Assignment: For this exercise, output exactly and only the lines running from the one with "Integrated gas range" through the final line of the data below, without pictures.
Records for the exercise below:
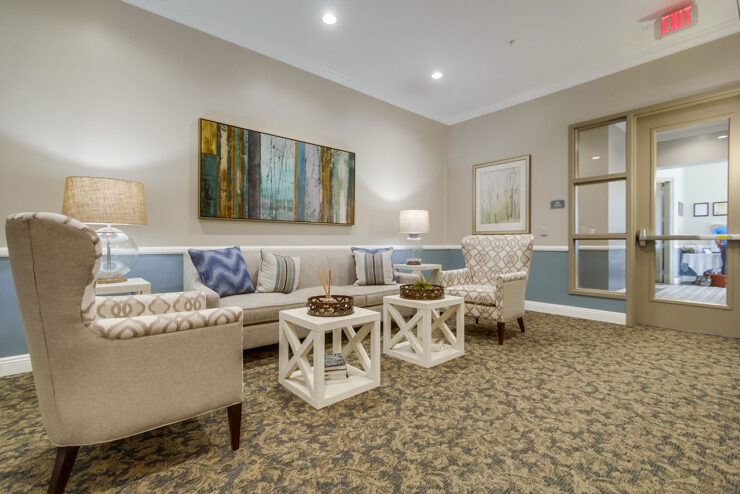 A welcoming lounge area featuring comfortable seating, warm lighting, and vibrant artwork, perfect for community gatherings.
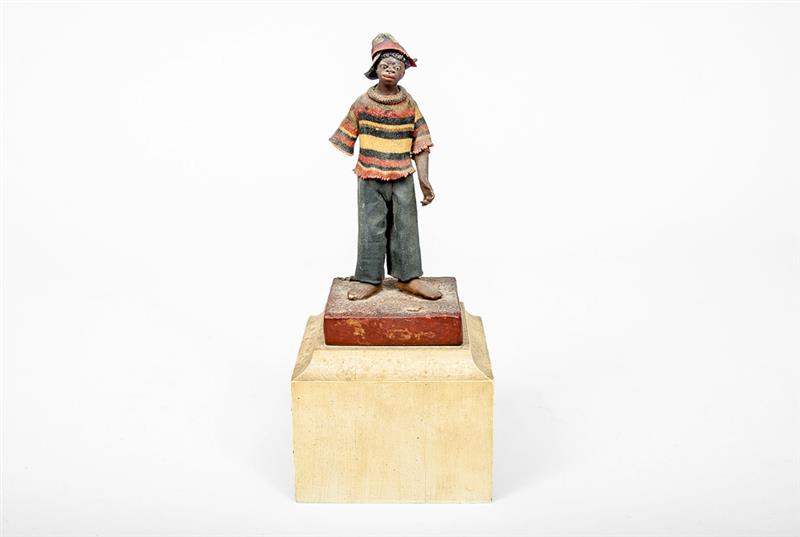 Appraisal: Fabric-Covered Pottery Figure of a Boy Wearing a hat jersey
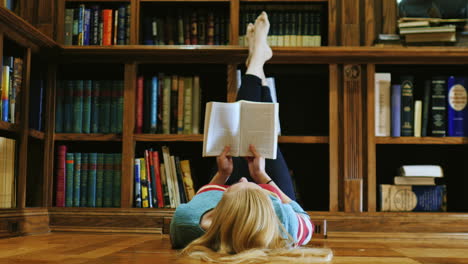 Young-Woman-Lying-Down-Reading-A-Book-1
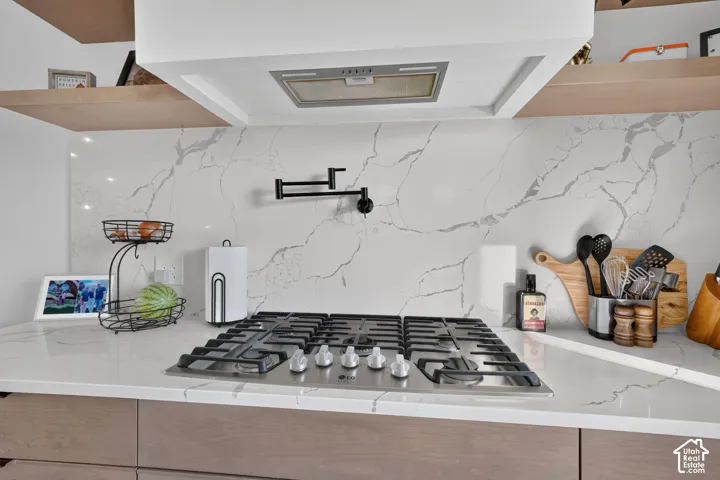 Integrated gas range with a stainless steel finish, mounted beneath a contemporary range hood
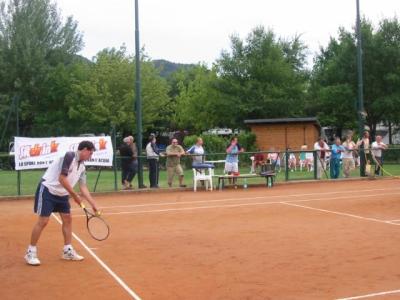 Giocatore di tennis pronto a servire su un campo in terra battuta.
End of Records for the exercise.
Output for this task:
 Integrated gas range with a stainless steel finish, mounted beneath a contemporary range hood
 Giocatore di tennis pronto a servire su un campo in terra battuta.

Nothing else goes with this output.